Stipulation contained in Final Pre-Trial Order, August 12, 1965, Page 16, Stipulation 8.

For adjustment of the belt tension, the Wood's timing card drive employs an adjusting screw, operating in conjunction with a tension spring, that acts on the plate to which the motor is mounted and carries a locknut that serves to clamp the adjusting screw in place at the desired tension setting. Further, the plate in the accused Wood's timing card drive is mounted so that it pivots as the adjusting screw is rotated rather than linearly slid as is the case in adjusting the Gunter drive.

There are other slight variations between the two drives such as the Wood's timing card drive providing for the attachment of the motor on the inner face of the mounting plate rather than on the outer face as contemplated in the Gunter drive, and the mounting plate on the Gunter drive shields the belt a little more than the Wood's timing card drive, but the Court finds that there is no material or significant difference, function or purpose in the two drives.

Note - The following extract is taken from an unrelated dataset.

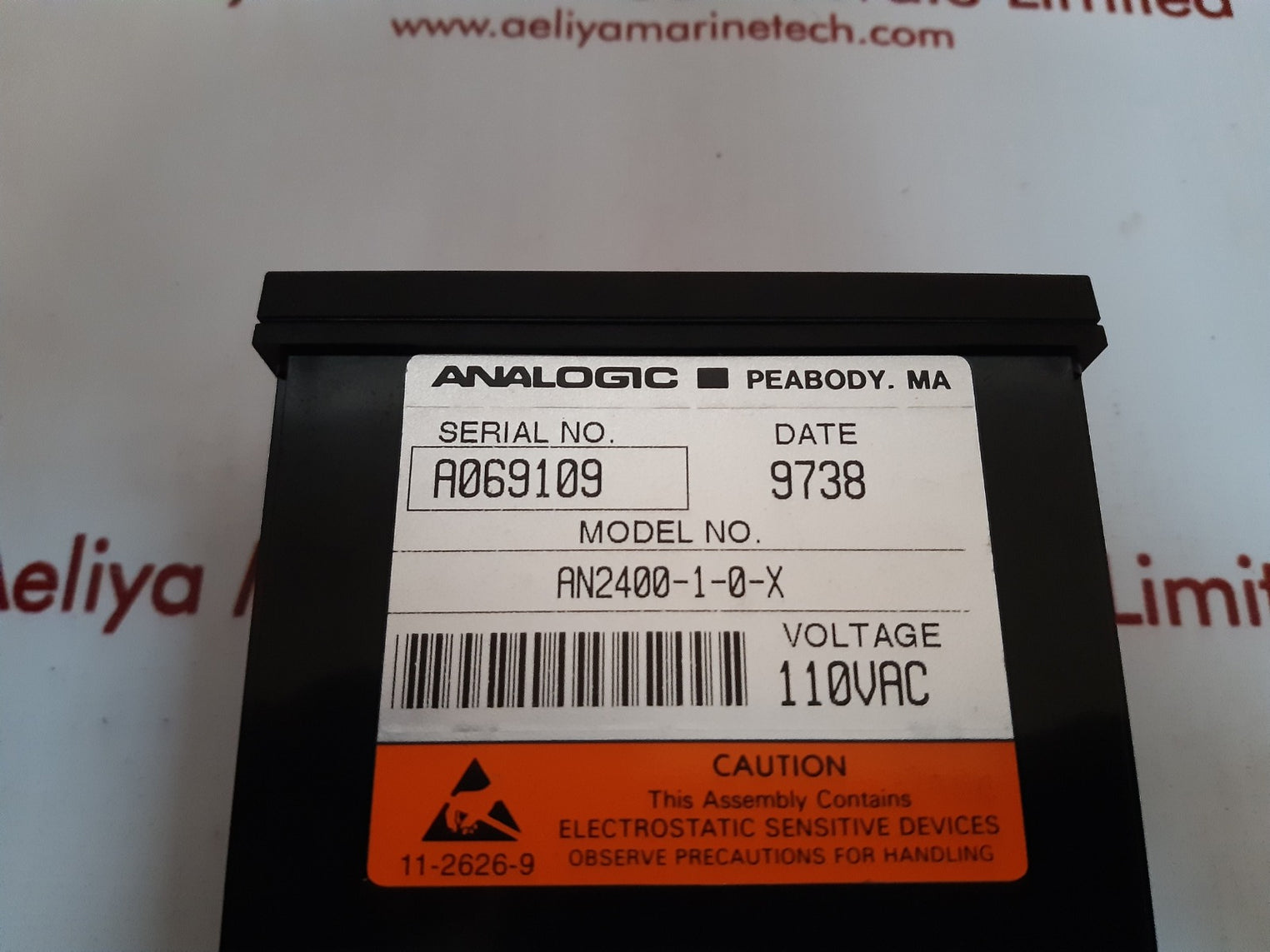 Analogic an2400-1-0-x voltage/current controller panel meter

14. The defendant promotes the sale of an alternative V-belt card drive arrangement manufactured also by the T. B. Wood's Sons Company. In this respect, there are two drives employing the V-belt that are accused of infringing the Gunter patent. One of such V-belt drives is known as the variable pitch sheave arrangement whereby the transverse grooved motor pulley on the drive using the timing belt is replaced with a pulley having adjustable flanges, which flanges by an adjustable screw arrangement can be brought closer together or drawn apart. Instead of the conventional timing belt, a V-belt is used. As the flanges are drawn together the belt rides higher on the flanges and thus a variable speed is obtained. The other V-belt arrangement substitutes the transverse grooved motor pulley on the drive using the timing belt with a V-grooved pulley containing multiple V-grooves for four or five V-belts. Other than the substitution of the pulleys and belts in the V-belt alternatives, there is no substantial or material difference between the V-belt alternatives and the Wood's timing card drive employing the timing belt and pulley.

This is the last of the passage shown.